SINGLE SCREW COMPRESSOR, INC., Plaintiff,
v.
U.S. DEPARTMENT OF NAVY, et al., Defendants. AURORA TECHNOLOGY CORPORATION Intervenor.



The opinion of the court was delivered by: STANLEY SPORKIN

 This case comes before the Court on the Defendants, U.S. Department of the Navy's ("Navy"), Motion to Dismiss or in the Alternative for Summary Judgment. Because this Court finds that there are no genuine issues of material fact and that the Defendants are entitled to judgment as a matter of law, the Defendants' motion for summary judgment is granted.

 FACTUAL BACKGROUND

 Summary judgment may be granted to the moving party if

 "the pleadings, depositions, answers to interrogatories, and admissions on file, together with the affidavits, if any, show that there is no genuine issue as to any material fact and that the moving party is entitled to summary judgment as a matter of law."

 Fed. R. Civ. P. 56 (c). Under Celotex Corporation v. Garret, 106 S. Ct. 2548, 2553 (1986), summary judgment is appropriate "after adequate time for discovery and upon motion, against a party who fails to make a showing sufficient to establish an element essential to that party's case and on which that party will bear the burden of proof at trial."

 In deciding a motion for summary judgment a district court must view the available evidence in a light most favorable to the non-moving party. Adickes v. Kress & Co., 398 U.S. 144, 157, 26 L. Ed. 2d 142, 90 S. Ct. 1598 (1970). Therefore, for the purposes of this motion, the Court accepts the following facts as not in dispute.

 The Plaintiff in this case is Single Screw Compressor, Inc. ("Single Screw"), a company that manufactures rotary single screw air compressors, products which are used to power shipboard systems by the United States Navy. Defendants are the United States Department of the Navy and various Navy officials at the David Taylor Research Center ("Navy") involved with the defense contract at issue in this case. Aurora Technology Corporation ("Aurora") is the party with whom the Navy did execute the contract at issue.

 Several years ago a Navy engineer who was visiting Aurora on other business was shown drawings for a Cylindrical Orthogonal Cylindrical Arrangement ("COCA") air compressor. COCA is a term coined by Aurora which describes an air compressor in which the gaterotors, or the parts of the compressor that turn the cylindrical screw, are all at perpendicular angles to that screw. Such an instrument, should it work, would be a new and unique design for a single screw compressor. Transcript of Argument on Motion for Summary Judgment at 21 ("Tr."). The Navy engineer was interested in Aurora's new design, but at the time there was no money available in the Research Center's budget to pursue this new design.

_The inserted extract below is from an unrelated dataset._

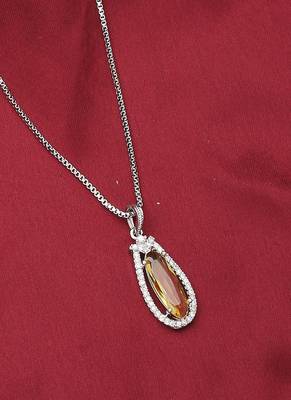 American Diamond Yellow Stone Necklace 1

 In 1991 money did become available in the Research Center's budget, and the center decided to obtain one prototype of Aurora's COCA design. The Navy's sole object was to test the prototype to see whether further research into the COCA concept was desirable. Because the Research Center believed that Aurora was the only supplier who had developed COCA technology, the Navy decided to proceed on a sole source procurement pursuant to 10 U.S.C. ยง 2304(c)(1).

 In April, 1991 Mr. Leonard Sundue, the Contracting Officer assigned to this project, initiated the prerequisite steps to negotiating a sole source procurement with Aurora. On April 10, 1991 Sundue prepared a Justification For Other Than Full and Open Competition. The reason stated in the Justification for proceeding on a sole source basis was as follows:

 Aurora's unique design for the COCA may provide higher pressure capability (300 psig ) than what has been demonstrated for single screw or rotary technology to date. This prototype would be set up at DTRC for testing and evaluation. . . .

 The use of the [statutory] authority cited is because Aurora Technology has the proprietary unique design concept of the COCA. This concept offers potential for higher volumetric efficiency, improved bearing loading and performance, reduced structural loading and simplified manufacturing and assembly. In addition the design offers significantly fewer parts (few valves, lower noise), better balancing, higher reliability and reduced manufacturing cost.